According to the latest seasonal outlook from the Indiana State Climate Office based at Purdue University, Hoosiers could be in for a repeat of last winter, when a weak La Niña system fizzled early in the season and unusually mild conditions prevailed during the last half of January and February.
But Dev Niyogi, state climatologist, suggests keeping the scarves and mittens handy - just in case.
“El Niño or La Niña cause notable shifts in weather patterns and Indiana will see those effects again,” he said.
Like last year, a weak La Niña system is expected to influence weather throughout the Midwest in the coming months. According to the National Weather Service Climate Prediction Center (CPC), a typical La Niña winter in Indiana brings above normal precipitation. Temperature patterns, however, are more difficult to predict.
“The big question is how long this La Niña will last and how strong it will be,” said Ken Scheeringa, associate state climatologist. “Last year it was a weak system and it was finished in early January.”
Scheeringa said factoring in La Niña makes forecasting this winter’s weather more difficult.
“We rely on records from previous La Niña winters for future projections,” he explained. “Based on those observations, there was a pretty strong signal that precipitation would be higher, but there was no strong pattern indicating what kinds of temperatures we could expect.”
Recent La Niña winters in Indiana include 2007-2008, 2010-2011 and 2011-2012, as well as last year.
Central Indiana experienced an unseasonably mild stretch starting in the last two weeks of January 2017, followed by the warmest February on record with temperatures 10 to 13 degrees above average in the region. Precipitation during the period was below normal, indicating the influence of the La Niña system had waned.

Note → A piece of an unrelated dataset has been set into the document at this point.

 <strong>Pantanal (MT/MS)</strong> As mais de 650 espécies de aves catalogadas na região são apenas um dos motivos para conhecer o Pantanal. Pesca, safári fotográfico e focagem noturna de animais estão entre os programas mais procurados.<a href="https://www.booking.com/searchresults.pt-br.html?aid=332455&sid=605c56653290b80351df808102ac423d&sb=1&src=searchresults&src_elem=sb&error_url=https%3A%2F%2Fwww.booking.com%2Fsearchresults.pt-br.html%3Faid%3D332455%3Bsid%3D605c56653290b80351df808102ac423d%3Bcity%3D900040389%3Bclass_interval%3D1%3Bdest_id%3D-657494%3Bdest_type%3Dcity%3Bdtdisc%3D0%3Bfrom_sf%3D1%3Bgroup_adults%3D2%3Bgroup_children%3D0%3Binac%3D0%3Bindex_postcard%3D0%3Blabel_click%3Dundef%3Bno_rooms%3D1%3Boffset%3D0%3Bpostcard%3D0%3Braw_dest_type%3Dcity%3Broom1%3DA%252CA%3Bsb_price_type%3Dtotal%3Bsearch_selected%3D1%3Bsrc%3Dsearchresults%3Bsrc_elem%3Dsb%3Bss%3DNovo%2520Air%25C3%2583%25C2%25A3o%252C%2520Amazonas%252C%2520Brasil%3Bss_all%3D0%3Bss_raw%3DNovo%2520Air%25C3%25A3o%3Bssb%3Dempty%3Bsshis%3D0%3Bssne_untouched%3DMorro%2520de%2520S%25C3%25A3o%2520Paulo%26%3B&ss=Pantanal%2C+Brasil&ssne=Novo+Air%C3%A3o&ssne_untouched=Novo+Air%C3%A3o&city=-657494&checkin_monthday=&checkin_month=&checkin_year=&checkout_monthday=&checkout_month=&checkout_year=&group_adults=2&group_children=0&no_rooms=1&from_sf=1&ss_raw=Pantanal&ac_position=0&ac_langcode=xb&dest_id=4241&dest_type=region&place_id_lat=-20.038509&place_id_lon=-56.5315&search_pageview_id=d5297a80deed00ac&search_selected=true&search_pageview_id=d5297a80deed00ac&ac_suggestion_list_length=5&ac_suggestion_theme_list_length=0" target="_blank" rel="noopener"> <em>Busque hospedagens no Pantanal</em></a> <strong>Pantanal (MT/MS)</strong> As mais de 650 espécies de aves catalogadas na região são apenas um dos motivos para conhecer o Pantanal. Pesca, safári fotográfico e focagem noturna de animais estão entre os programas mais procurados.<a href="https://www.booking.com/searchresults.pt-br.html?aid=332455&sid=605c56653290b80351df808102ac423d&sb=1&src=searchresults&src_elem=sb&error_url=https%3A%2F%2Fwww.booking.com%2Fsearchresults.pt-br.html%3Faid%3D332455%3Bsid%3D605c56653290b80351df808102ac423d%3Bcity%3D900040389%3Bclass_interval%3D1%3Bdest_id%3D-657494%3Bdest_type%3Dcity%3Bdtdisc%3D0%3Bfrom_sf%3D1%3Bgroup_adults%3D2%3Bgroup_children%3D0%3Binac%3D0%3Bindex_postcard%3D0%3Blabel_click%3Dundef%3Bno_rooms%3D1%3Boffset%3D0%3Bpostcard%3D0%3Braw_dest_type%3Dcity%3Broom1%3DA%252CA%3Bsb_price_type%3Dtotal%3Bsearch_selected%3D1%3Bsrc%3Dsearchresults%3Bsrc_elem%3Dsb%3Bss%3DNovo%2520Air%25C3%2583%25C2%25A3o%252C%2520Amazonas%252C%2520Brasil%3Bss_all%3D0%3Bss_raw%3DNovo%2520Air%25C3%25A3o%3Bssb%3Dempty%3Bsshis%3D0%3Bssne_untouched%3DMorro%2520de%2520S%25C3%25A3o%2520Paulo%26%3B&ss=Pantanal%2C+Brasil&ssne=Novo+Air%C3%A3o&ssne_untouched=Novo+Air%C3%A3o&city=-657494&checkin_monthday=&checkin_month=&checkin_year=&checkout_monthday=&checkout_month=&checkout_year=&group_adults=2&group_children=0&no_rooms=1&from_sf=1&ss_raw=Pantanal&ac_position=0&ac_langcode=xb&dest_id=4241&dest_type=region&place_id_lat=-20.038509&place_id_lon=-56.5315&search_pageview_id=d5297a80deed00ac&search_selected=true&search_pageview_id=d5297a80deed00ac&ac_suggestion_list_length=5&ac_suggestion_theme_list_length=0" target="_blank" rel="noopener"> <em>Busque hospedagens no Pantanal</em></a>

A similar pattern could be in store for 2018, but if this year’s La Niña turns out to be stronger or more persistent than initially thought, Hoosiers could be in store for snowier conditions.
That could be good news for producers of winter wheat, which requires a blanket of snow cover to protect it from cold temperatures.
A video of Niyogi and Scheeringa discussing Indiana’s winter weather outlook is available at https://youtu.be/jx-wGUc-V1o.
The CPC forecast for December calls for equal chances of above, normal or below normal temperatures and precipitation. Average maximum daily temperatures in Indiana range from 35 degrees F in northern counties to 42 degrees in the south. Daily minimums typically range between 21 and 25 degrees statewide. Average precipitation varies from 2.4 inches in the northwest up to 3.4 inches in south central Indiana.
For January and February, the CPC forecast calls for above-normal precipitation with equal chances of above-normal, near-normal or below-normal temperatures.
The Indiana average maximum temperature for January ranges from 32 degrees F in northern counties to 39 degrees in the southern third of the state. Minimums average from about 17 to 22 degrees across the state. In February, typical maximum temperatures range from 36 to 44 degrees across the state, while minimums range from 20 degrees in northern Indiana to 25 along the Ohio River.
Normal winter precipitation in Indiana is about 2.9 inches in December, 2.2 inches in January and 2 inches in February. This includes normal melted snowfall equivalent amounts. Normal snowfall for the season can vary widely, from just 10 inches in extreme southwest Indiana to more than 70 inches in the South Bend area, where the lake effect is the greatest.
The Indiana State Climate Office is a partner in the Useful to Usable initiative, which offers an online tool enabling farmers and agricultural advisers to better assess how climate patterns in other parts of the world can influence local conditions and corn yields across the Corn Belt.
The Climate Patterns Viewer, co-developed by the climate office, can help growers make more informed farm management decisions during different phases of the El Niño and La Niña Southern Oscillation and Arctic Oscillation. It relates historical events of those phases to the effects of associated precipitation and temperatures over the course of a year.
“A shift in peak winter late into February or even March is not unlikely,” Niyogi said.